Fresenius complained about similar shoddy testing methods used at Akorn, noting its former head of quality control altered test results and then submitted them to the FDA. Officials of the Bad Homburg, Germany-based company also uncovered examples of falsified entries in lab notebooks and destroyed testing notes.
Under cross examination, Henriksson conceded Fresenius executives began to weigh pulling out of the merger in September 2017 after Akorn had two quarters of disappointing sales. Fresenius officials should “build a legal case” to justify a withdrawal from the combination, the company’s senior management noted in an email.

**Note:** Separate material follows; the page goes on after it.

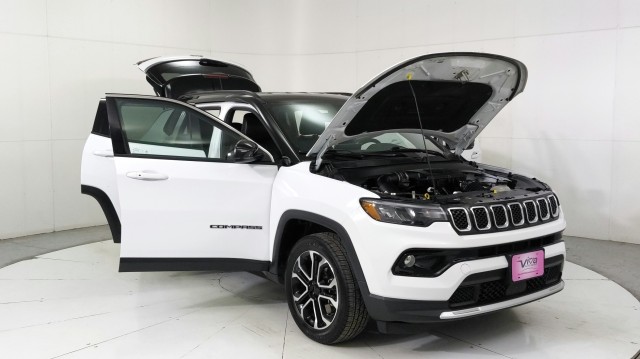 Used 2023 WHITE Jeep Limited image 12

“That was one avenue we had to march,” Henriksson said. While scuttling the merger was one option, the executive said he was focused on plans for rejuvenating Akorn rather than destroying the combination’s potential value.
That email came about two weeks before a whistleblower sent a letter to Fresenius executives alerting them to falsified test data Akorn had submitted to the FDA in a new drug application. Fresenius later learned Mark Silverberg, Akorn’s former head of quality control, had fudged test results on an antibiotic on which the company was seeking FDA approval.
Nathan Sheers, a Washington-based lawyer hired by Fresenius to investigate the depth of Akorn’s data-integrity woes, told Laster he found problems “across the board” at the drugmaker. He said the firm’s computer system has such systemic problems Akorn officials couldn’t substantiate their drug-testing data, the attorney said.
Once the FDA gets the full picture of Akorn’s operational snafus, Sheers said regulators are likely to “throw the book” at the generic drugmaker and may recommend criminal prosecution of some executives.
The case is Akorn Inc. v. Fresenius Kabi AG, 2018-0300, Delaware Chancery Court (Wilmington).